Demystifying the Recent SEC Order on Airdrops

Nirav Gala, CFA
Broctagon Fintech Group
6 min readSep 12, 2018

A few weeks back the US Securities and Exchange Commission (SEC) issued a cease and desist order against a fraudulent ICO named “Tomahawkcoins” or “TOM” by Tomahawk Exploration LLC, which sought to raise $5 million through the ICO, purportedly to fund oil drilling in Kern County, California. They had previously tried unsuccessfully to raise money for the project through private investments and the public capital markets. This order is particularly interesting because it is the first time SEC has directly addressed the issue of the legality of airdrops and bounty campaigns.

What are airdrop and bounty campaigns?

An airdrop is a distribution of tokens of a particular project for free, usually to the holders of other popular cryptocurrencies like ether and bitcoin. They are also sometimes used to incentivise potential investors/users to sign up for the project or use the utility being developed by the project. This is akin to giving out free samples for potential users to try or free trial period for various subscription-based services. The main objective here is to spread awareness about the project.

A bounty campaign is where the tokens of a particular project are issued to certain Key Opinion Leaders (KOLs) or influencers for promoting the project among their followers. It provides an inexpensive way for the projects to promote themselves.

Ever since SEC started cracking down on ICOs by classifying them as a sale of securities, there has been considerable debate about the fate of airdrops and bounty campaigns. Many in the crypto community believe that since in an airdrop tokens are issued for free without any monetary consideration, they are not considered a sale of securities. However, the SEC considers it otherwise.

Why are airdrop and bounty campaigns, a sale of securities?

As per SEC, most ICOs are in the nature of investment contracts. An investment contract involves an investment in a common venture premised on a reasonable expectation of profits to be derived from the entrepreneurial or managerial efforts of others. Most projects are at a very early stage when they are conducting an ICO and the success of the project is highly dependent on the efforts of the management team. Hence, they are most likely to be classified as securities. Further, in the case of TOM tokens, the holders had an “option” to convert TOM tokens into equity shares of Tomahawk Exploration LLC. Thus, they constituted “an option, or privilege on any security” and hence were considered securities themselves.

Once tokens are classified as securities, the lack of monetary consideration does not mean that there has been no sale or offer for sale of securities. As has been held in the case of SEC v. Sierra Brokerage Servs., Inc, as long as the issuer receives some real benefit by disposing of securities, it is considered a sale of securities.

In the case of the TOM ICO, the issuers received value in exchange for the bounty distributions in the form of online marketing including the promotion of the ICO on blogs and other online forums. The issuers also received value in the creation of a public trading market for its securities. Thus, it was not actually a gift but an exchange for value and hence constitutes a sale of securities.

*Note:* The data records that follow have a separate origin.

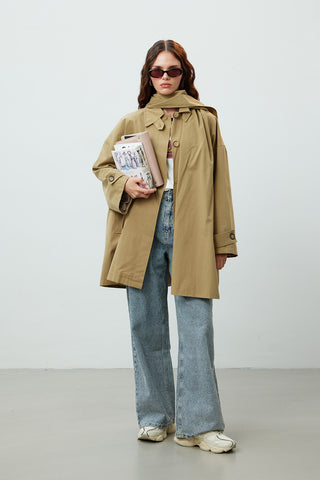 Stockholm Scarf Detailed Oversize Trench Coat Green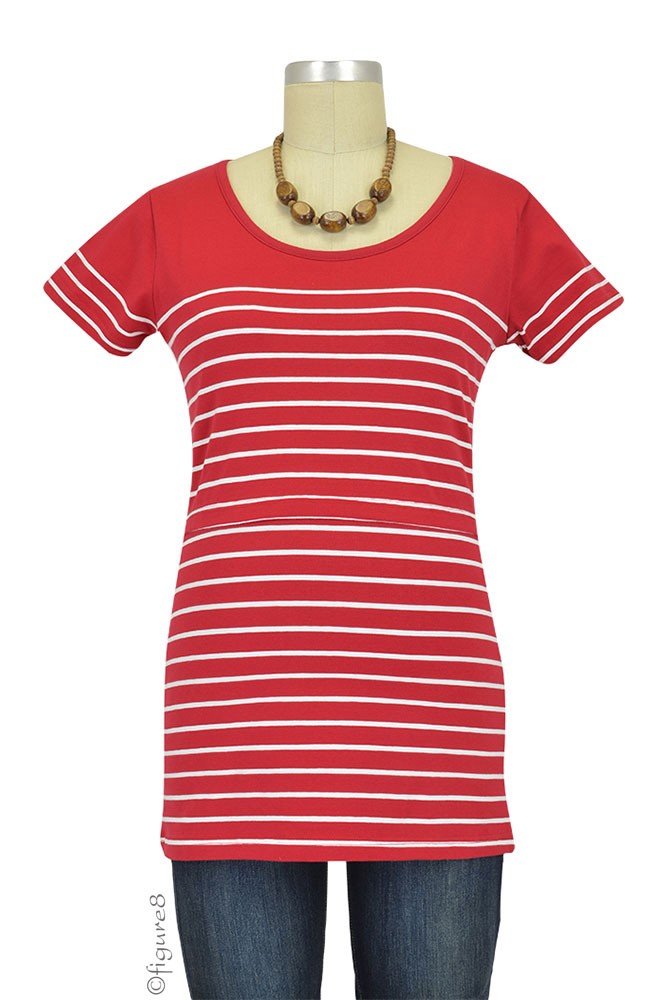 Nautical Short Sleeve Striped Nursing Top (Red Stripes)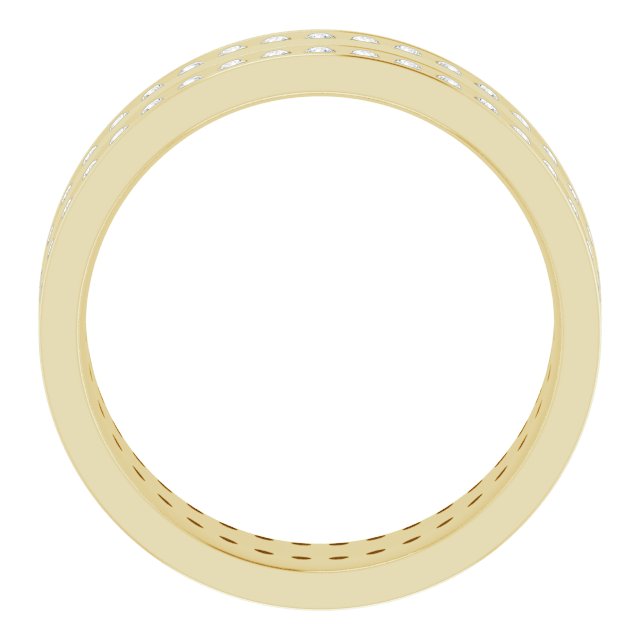 14K Yellow 5/8 CTW Lab-Grown Diamond Double Row Accented Band Size 8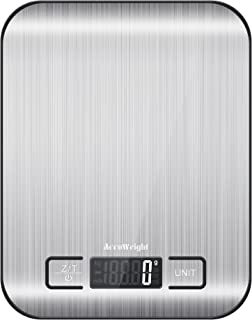 ACCUWEIGHT 211 Kitchen Scale Digital Cooking Scale with Backlit LCD Display Stainless Steel Multifunctional Scale Measures in Grams Food Scale for Baking, Tare Function, 5kg/11lb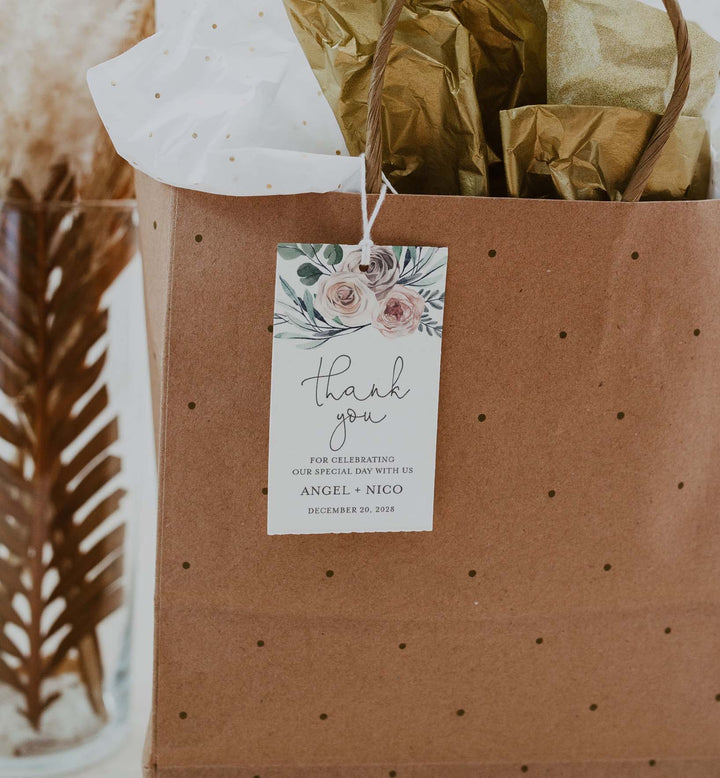 Boho Rose Wedding Favour Tag Printable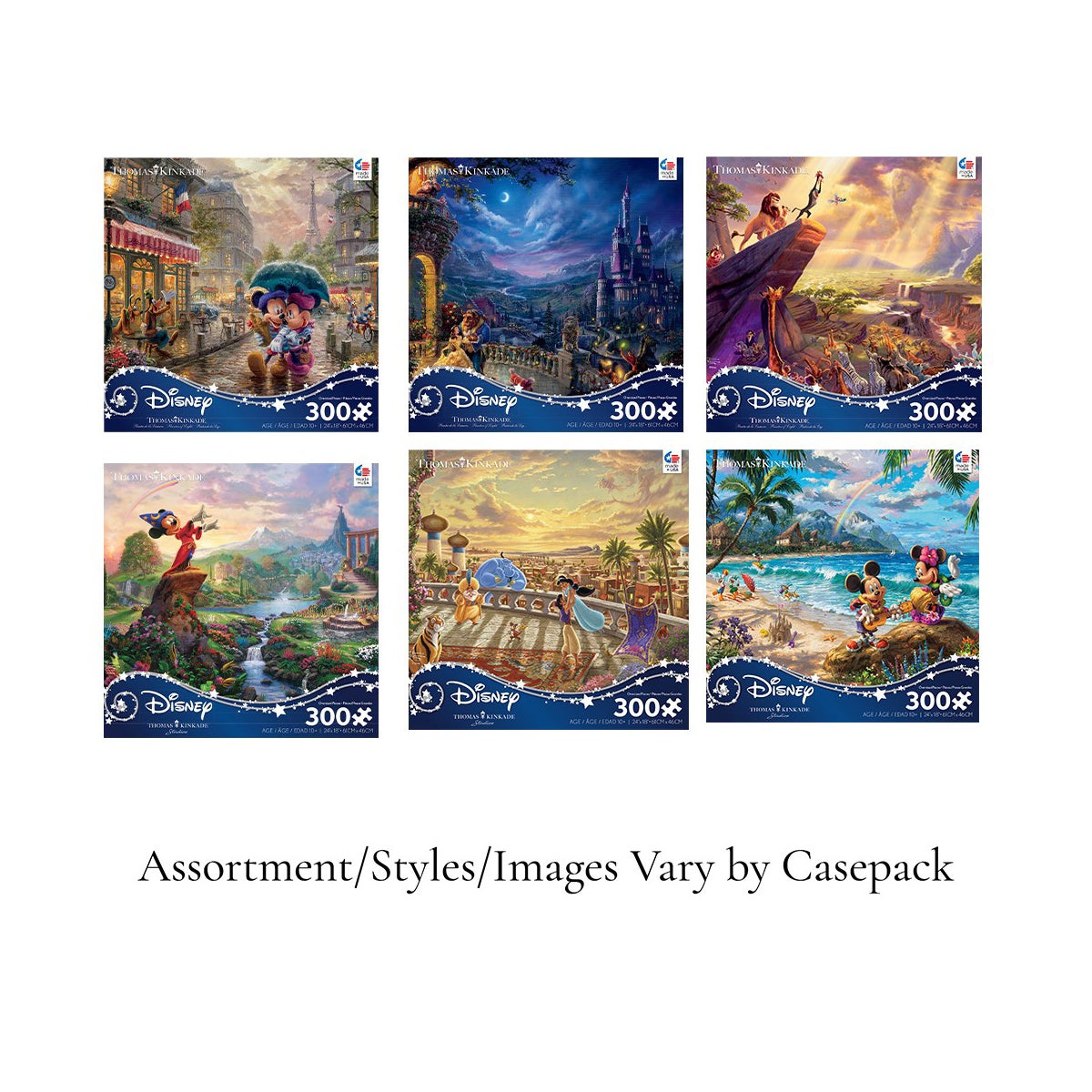 300PC THOMAS KINKADE DISNEY PRINCESS OVERSIZE ASST (6) BL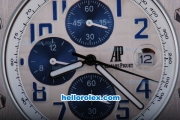 Audemars Piguet Royal Oak Offshore Working Chronograph Quartz Movement White Case with Blue Markers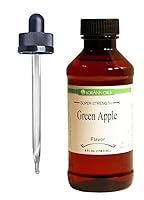 Vista 2 de LorAnn Green Apple SS Flavor, botella de 4 onzas, incluye un cuentagotas de vidrio roscado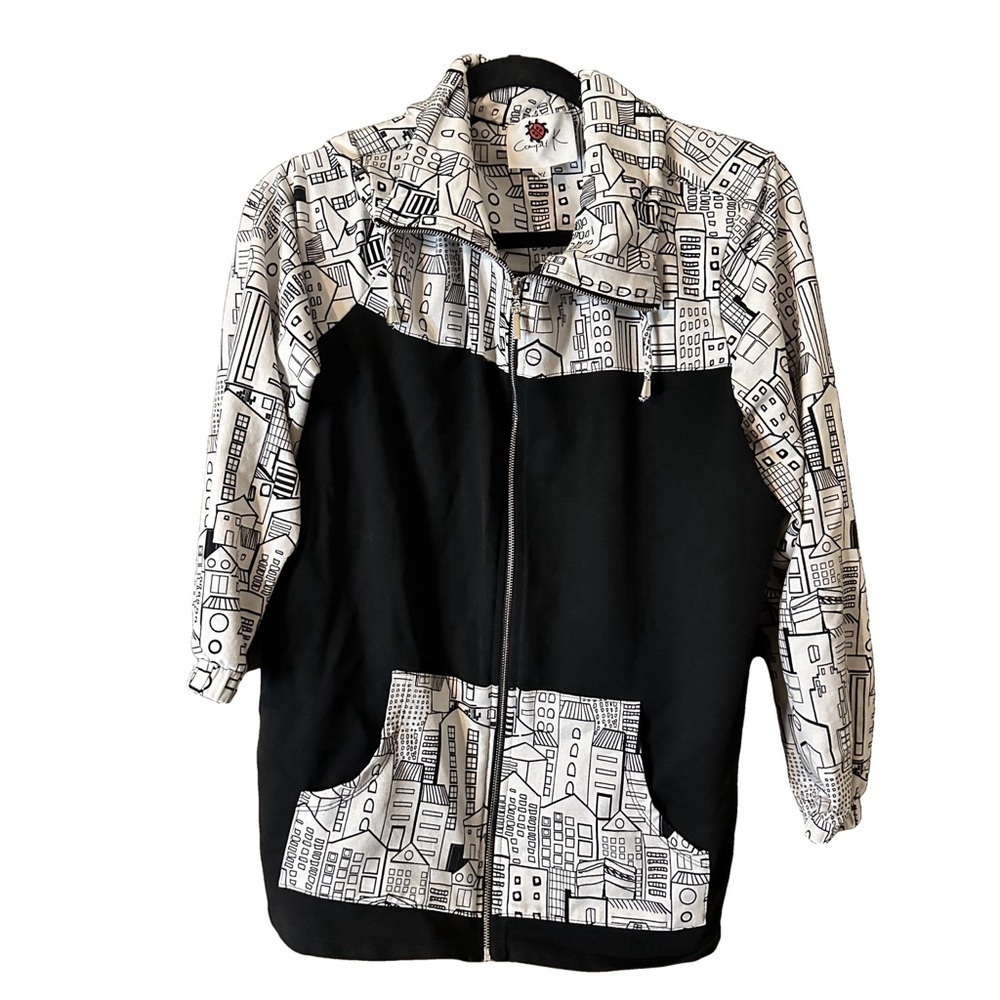 Compli K Womens White Black Streetwear Houses Graphic Print Zip-Up Sweater Sz XL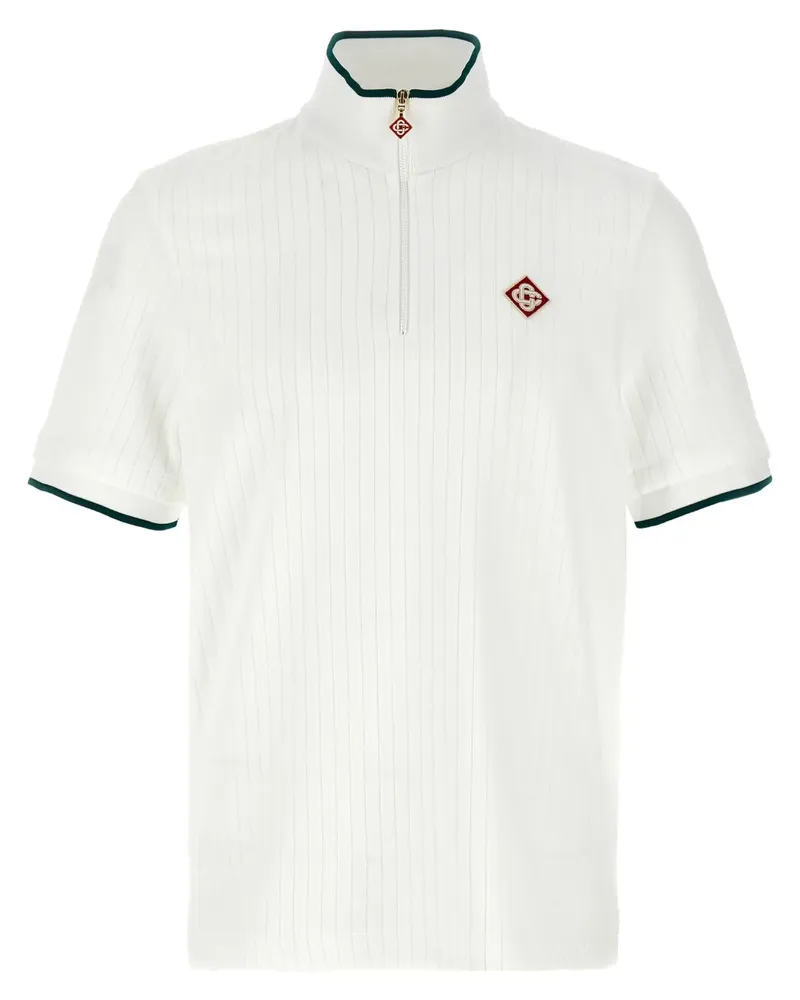 Casablanca Paris Geripptes T-Shirt aus Samt - Weiß Weiß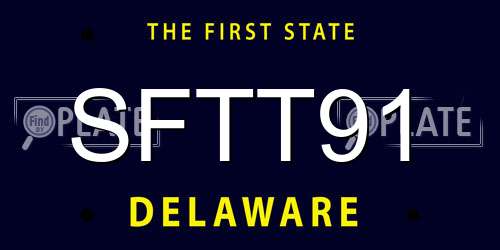 SFTT91 Delaware License Plate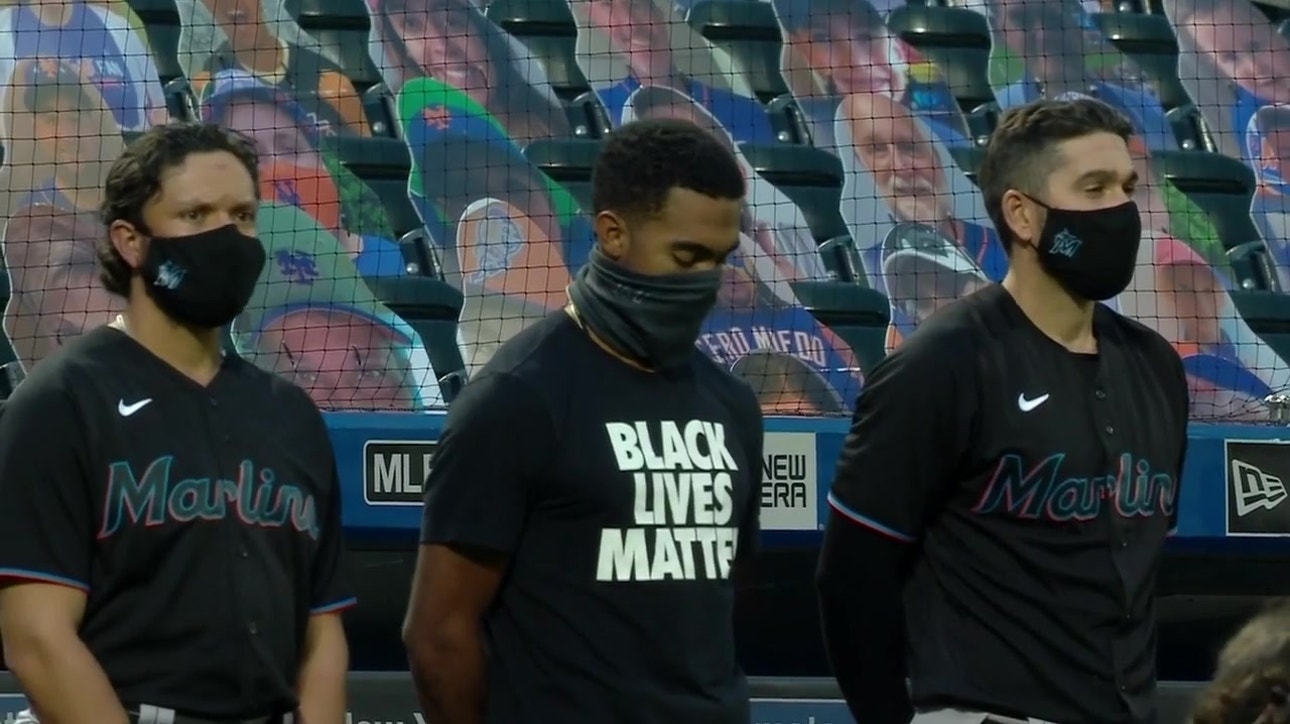Lewis Brinson reflects on Thursday night, Marlins walking off field with Mets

What does SEC mean by ‘real benefit’?

The phrase ‘real benefit’ is quite broad and can mean a lot of things. Here are some examples:

  • Bounty Campaigns: The issuer derives value in form of marketing and promotion of the ICO on various forums which helps to increase awareness about the project, which can be considered quite valuable.
  • Sign up bonus: The personal information that the issuer gets when some signs up has been considered valuable by the SEC.
  • Referral Campaigns: These again may be considered valuable as they help spread awareness about the project and help recruit more people to sign up for a particular project, thereby helping to sell the project.
  • Airdrops to achieve decentralisation: Many would consider this to be a pure donation as there is no information collected and no apparent benefit derived by the issuers. But the SEC would still consider this valuable as in their opinion, it may help issuers by spawning a fledgeling public market for their tokens, thus increasing their business, creating publicity, increasing traffic to their websites and generating possible interest in their ICO.

The bottom line is, there are no free lunches and no matter how you structure an airdrop, it will always result in a direct or indirect benefit for the issuer and thus would be considered a sale of securities by the SEC.

What does this order mean for ICOs targeting US persons?

  • Airdrop Campaigns: It has major implications for any new project trying to achieve decentralisation by airdropping tokens to the users of popular blockchain networks like Ethereum, as there are a significant number of crypto hodlers based in the US. Further due to pseudonymous nature of blockchain, it is next to impossible to distinguish between a wallet belonging to a US person and a non-US person. Hence, this would mean an end of blanket airdrops, where all the users of a particular blockchain network get free tokens based on their holdings. Expect airdrops to become more targeted.
  • Bounty Campaigns: This is bad news for KOLs and influencers based in the US as they can no longer participate in bounty campaigns unless the issuer complies with the US securities laws. This is true even if the services of US-based KOLs and influencers are used to target non-US investors.

What does this order mean for ICOs targeting non-US persons?

  • Airdrop Campaigns: The key reason why airdrops are considered to be a sale of securities is that the tokens themselves are considered securities. What constitutes a security differs from jurisdiction to jurisdiction. So long as the token itself is not considered a security in a particular jurisdiction, the airdrop should be legal. Hence, issuers may be able to continue to use airdrops to spread awareness about their projects in most non-US jurisdictions as long as the tokens themselves are not considered a security in a particular jurisdiction.
  • Bounty Campaigns: The above analysis would generally hold for bounty campaigns as well. As long as tokens themselves are not considered a security in a particular jurisdiction, bounty campaigns should be legitimate in that particular jurisdiction.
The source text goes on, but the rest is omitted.